# 75g NPT questions



## WhiteDevil (May 7, 2009)

Hello fellow wet thumbs.

I have recently purchased a 75g for my new display tank, I have a nice wet/dry system on it now however I also am purchasing my first house with my wife and kids and $$$ will be very tight so I started thinking NPT.

What is the best soil to use? I hear miracle grow has an additive that will foul the tank fast(this was on their fert spikes though)

I have 100# of Baylee's Better Bottom 3mm-5mm tumbled gravel fresh ready to go in the tank.
What lights will I need for this? the tank will be in a no-sun room. 
Is sand better to go with as a cap or will the gravel work just fine? I just spent $1 per pound for this stuff a few weeks back and dont want to let it go unused.
The tank has no center brace so I will be hanging a light above it as I cannot use my 36"T5ho on a 48" wide tank. I kind of want a light fixture that isnt made for fish or as a hydro gro light. Will LED and the like medium base bulbs be enough if they are wattage and Kelvin temp OK'd?

I am reading the stickies now and have quite a few tabs open as I will need to make this decision quickly.
Here is the tank that I have now that EVERYTHING living inside of it will transfer into the 75g.

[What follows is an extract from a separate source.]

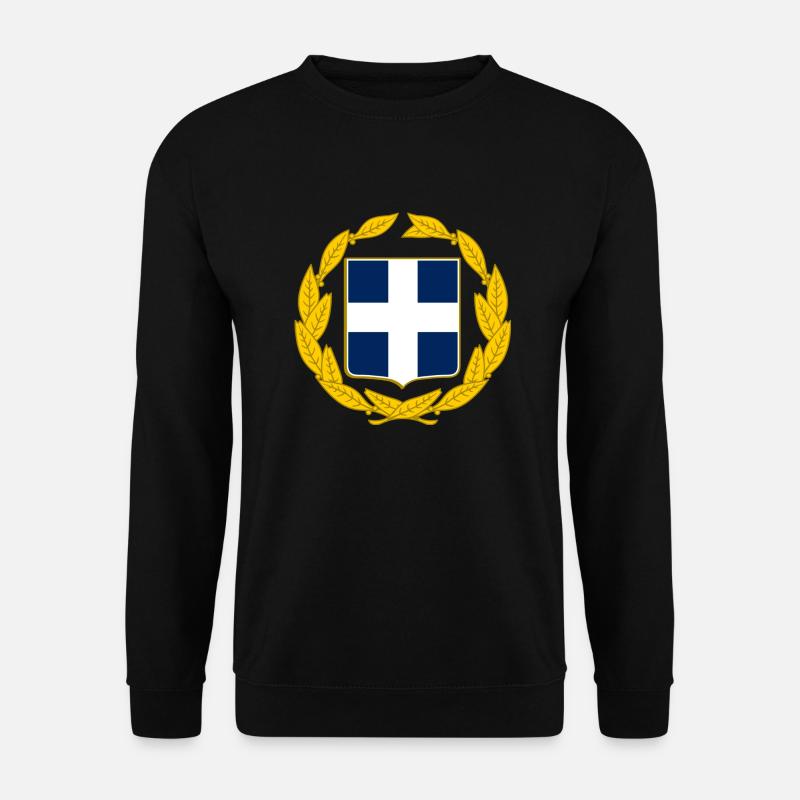 Greek emblem - Unisex Pullover - Schwarz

pic was taken on or around the first of april, today the tank is a jungle, I dont dose or add any ferts right now just light and fish food and poop feed the plants and its pretty thick in there now.

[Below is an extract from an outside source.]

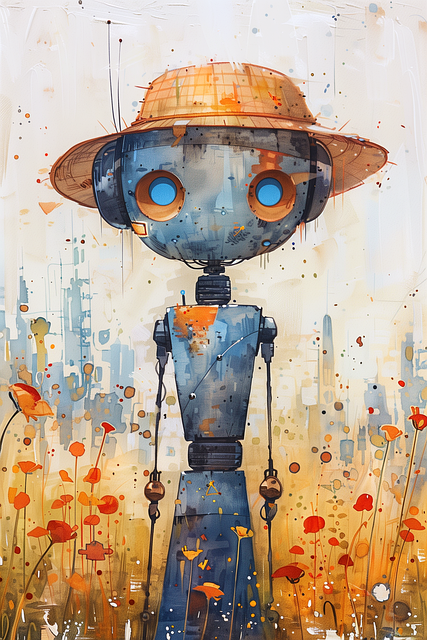 Free ai generated worker robot illustration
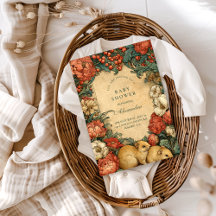 Vintage Floral Baby Animals Baby Shower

I appreciate the time as this is something I have never dabbled in and am a little nervous about the switch over.


----------



## ming shipwreck (Mar 24, 2011)

I'm still a beginner myself, but here's what I can say:

soil additive--
When you go to buy potting soil, look at the ingredients. Avoid soil or potting mix with anything called a "wetting agent". Avoid soil with the little styrofoam beads or vermiculate. Some pearlite is okay, IIRC. Peat in the soil will make it acidic, but I don't think the effect is too large, and you can easily compensate for this by mixing some shell matter in with the soil or adding it to the tank some other way later.

Make sure you let your soil sit in a bucket of water in the open air for a day or three before you set up the tank, or else you can get a really bad ammonia spike when you first set it up.

Make sure to get potting _soil_ and not potting _mix_, which will be way too rich for a substrate (you could water it down with sand, I'm not sure about the proportions).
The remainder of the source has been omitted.